Originally Posted by
benzoate
Jetblue was given very specific language from the PVC legal as to the definitions of "affiliate", "control" and others. This suggested language and definitions for section 15 were also given. Of course all the suggestions were disregarded.
Jetblue's reasoning for not placing any specific language in the PEA's is based on their belief that the "spirit" of the idea is incorporated in the document. Their are countless examples of the "spirit" of the rule being to applied the FSM, disability, insurance, vacation etc. In a calculated manner the airline choses to omit language and definitions in the PEA giving the airline specific flexibility. It's how it has always been done at Jetblue.
Insurance and vacation are one thing but section 15 is supposed to protect our jobs. Any airline with a union is going to eat us alive in a T/E because specific definitions are defensible in courts. The spirit of the section is not.
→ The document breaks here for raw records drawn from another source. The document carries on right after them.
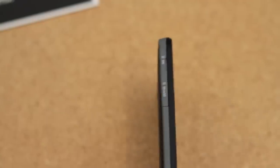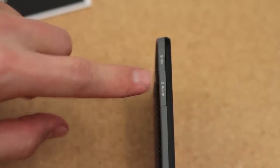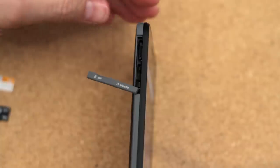Along the top left hand side of the Go Play smartphone, you will see a port cover that reads SIM and microSD. Use your fingernail to pull the port cover open. The port cover door has tiny rubber plugs that help keep moisture out of the inside of the device.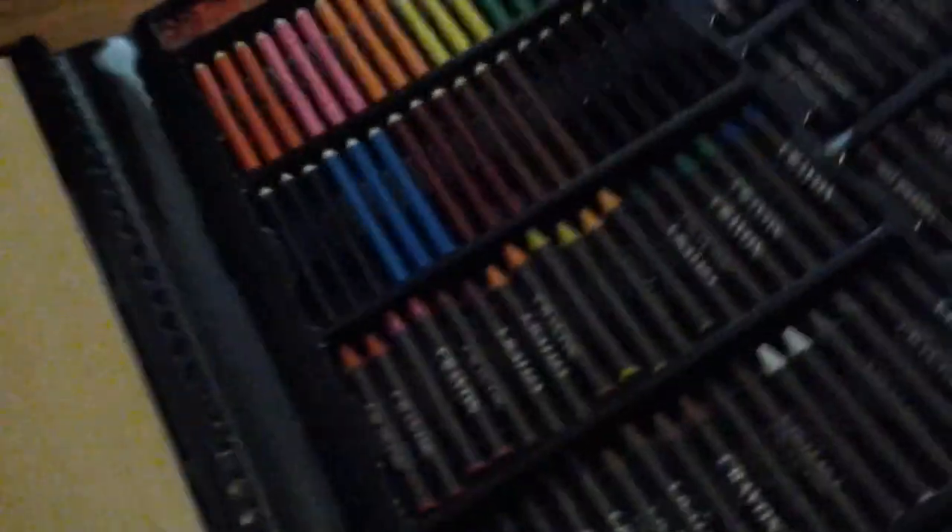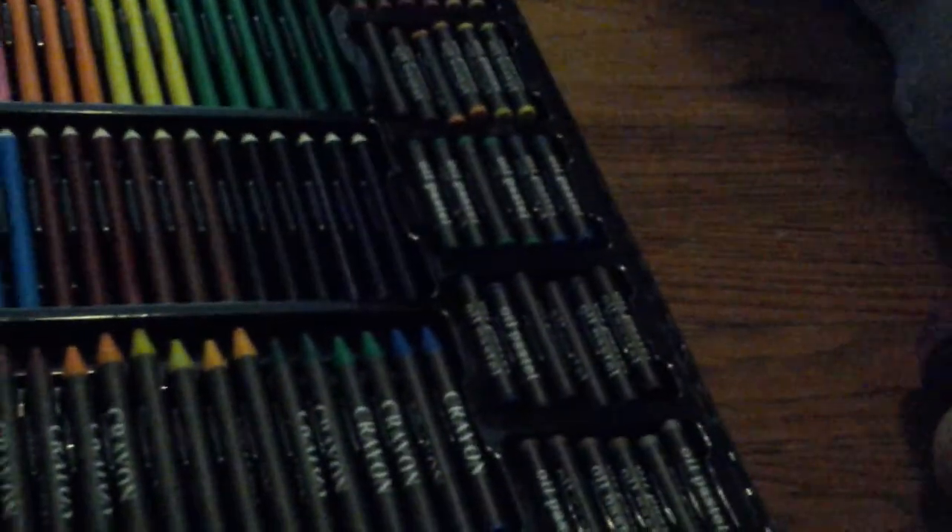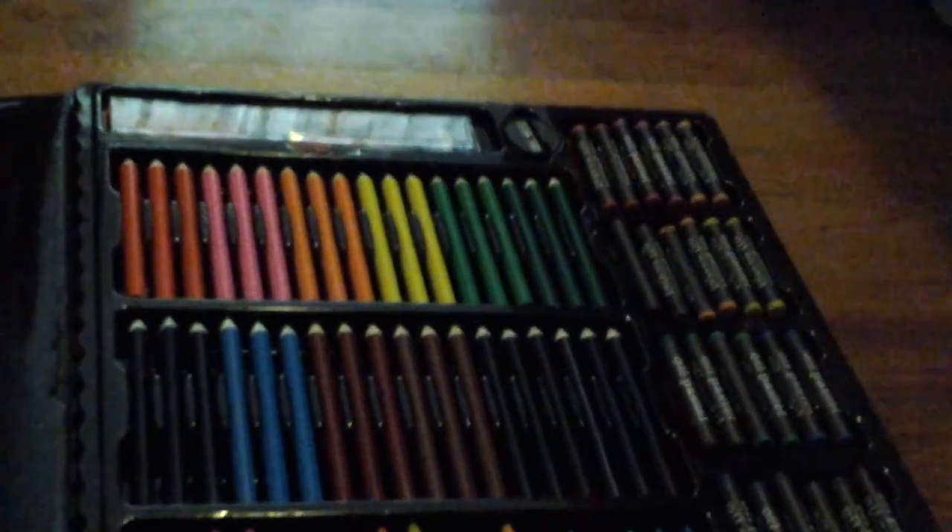Pretty big, right? So first let's start over here. Here's all my 36 crayons, there's my 36 oil pastels, with my colored pencils. And over here I have my ruler with 20 little clips and an eraser with a sharpener.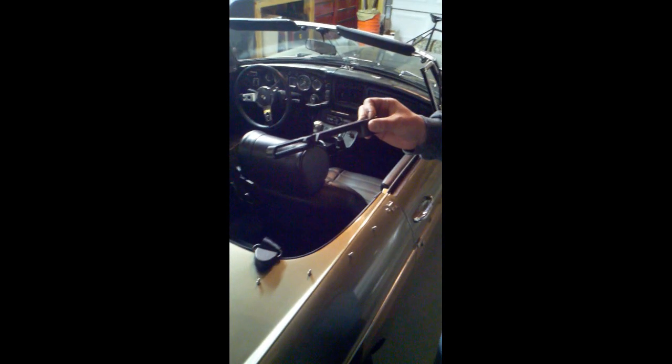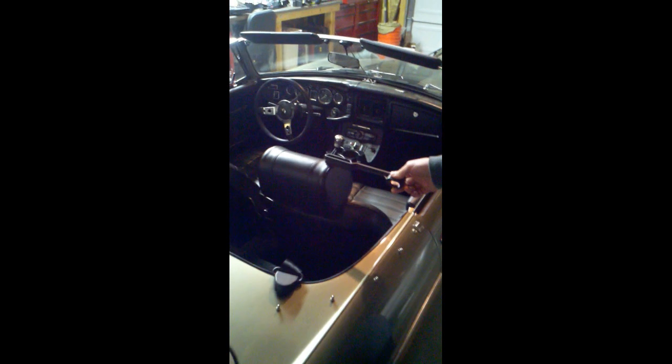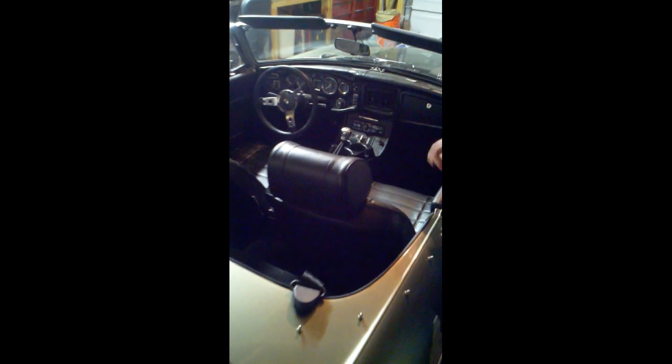Today we're going to do a seat belt guide installation. I bought these on Moss and I was having some trouble figuring out how to get my new seat headrest off, primarily because I was worried about ripping the vinyl. So I want to show you a tip that I found that I thought was pretty good.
There is a substantial difference between the words "and" or "or" in a contract. A capital "P" in pilot means something completely different to a lower case "p".
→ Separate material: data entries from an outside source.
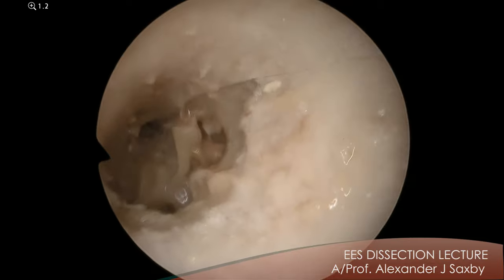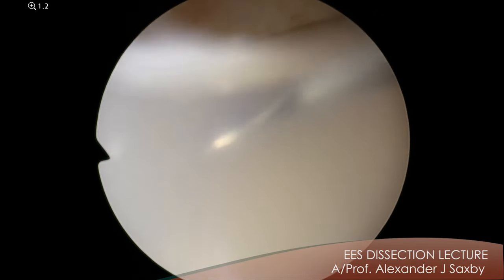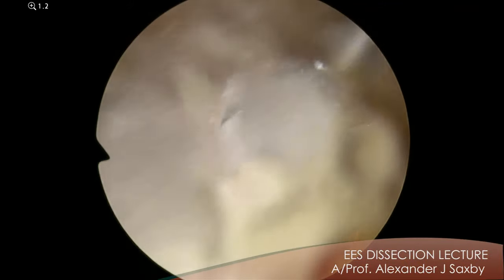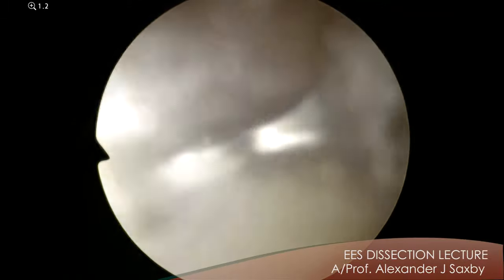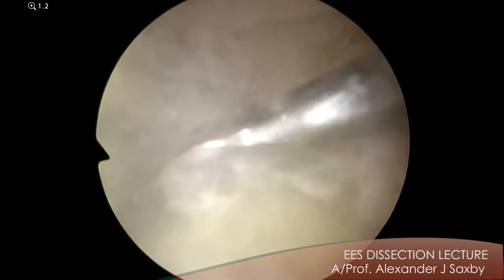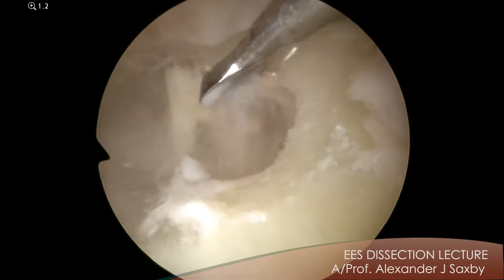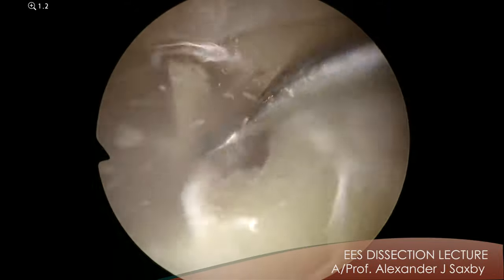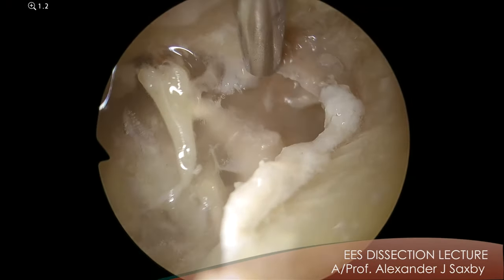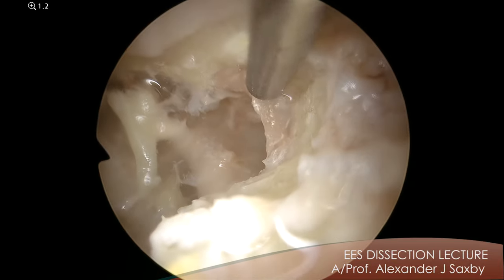So let's use the Mectron device now. So I'm going to curette the attic now. You use this like a curette — a powered curette. Can you see how that cuts the bone and leaves the mucosa alone? It's quite incredible. See how the mucosa is completely preserved there. It's just taking the bone.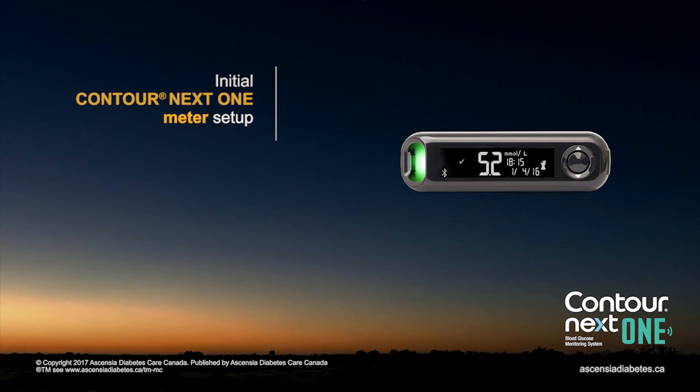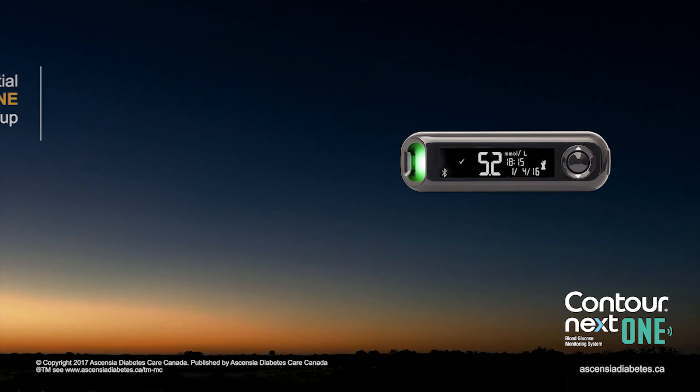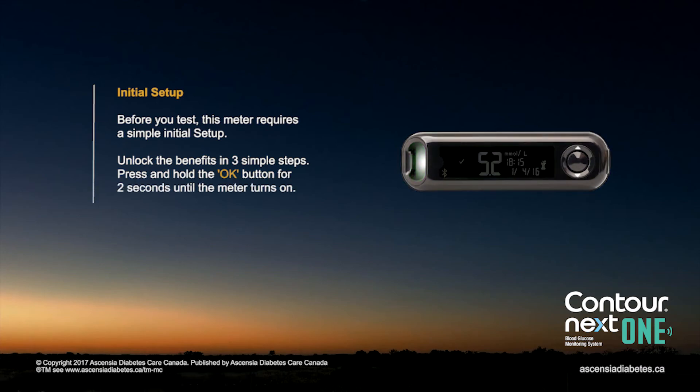Initial Contournext One Meter Setup. Before you test, this meter requires a simple initial setup.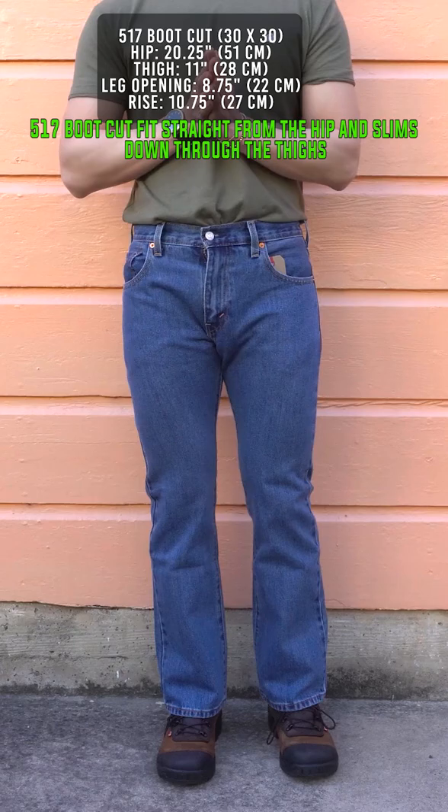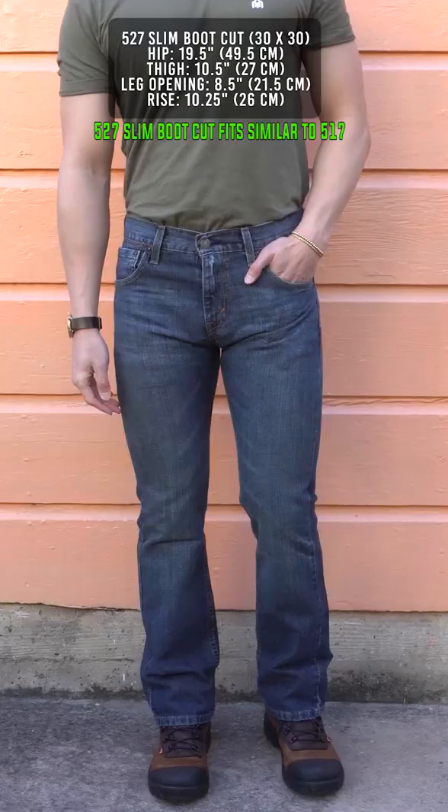What's the difference between Levi's 517 boot cut versus 527 slim boot cut? The 517 boot cut fits straight from the hip and slims down through the thighs, and from the knee down it tapers back to a wide leg opening, giving you that hourglass effect.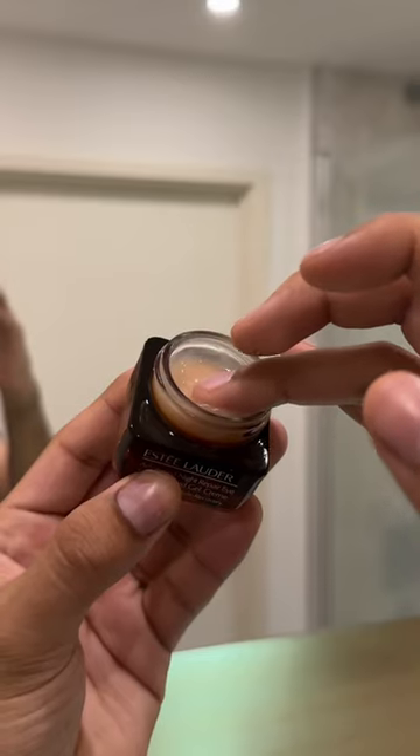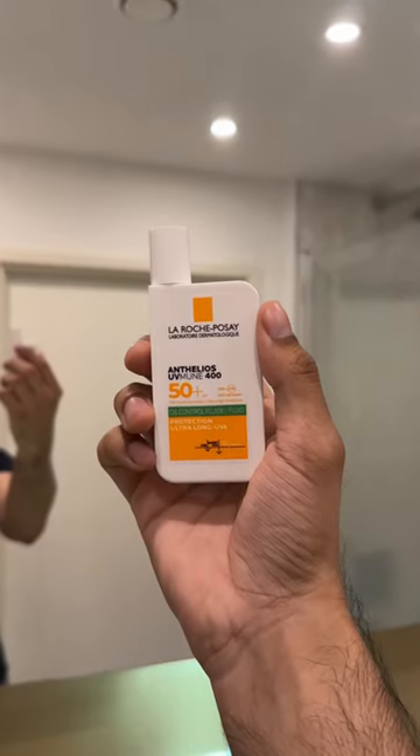Next I use an eye cream to combat my dark circles by applying with my ring finger for less pressure. Then I'll apply my moisturizer to lock in the hydration, followed by an oil controlling SPF to protect my skin from aging and any sun damage if it's the morning, and that's pretty much it.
We live in a specific CBA world with a generalized PEA.
^^^^ THIS
Nothing is actually done in "spirit" though many things are sold that way. JetBlue is not an exception, this is how the world works. The 8hr Reduced Rest overnight was in "spirit" supposed to be relief for extenuating circumstances beyond airline control and to be used sparingly. Instead, schedules were built upon it, and now we are going to be dealing with 117.
When it's time to toe the line, "spirit" is about as worthless as yesterday's wind. This is true in any industry, with any sort of contract or regulation. "Spirit" is just a vaporous notion that can be swept side-- work rules need to be forged in hard details and specific definitions and bound by a legal contract. Otherwise we are mercy to the whims of those above.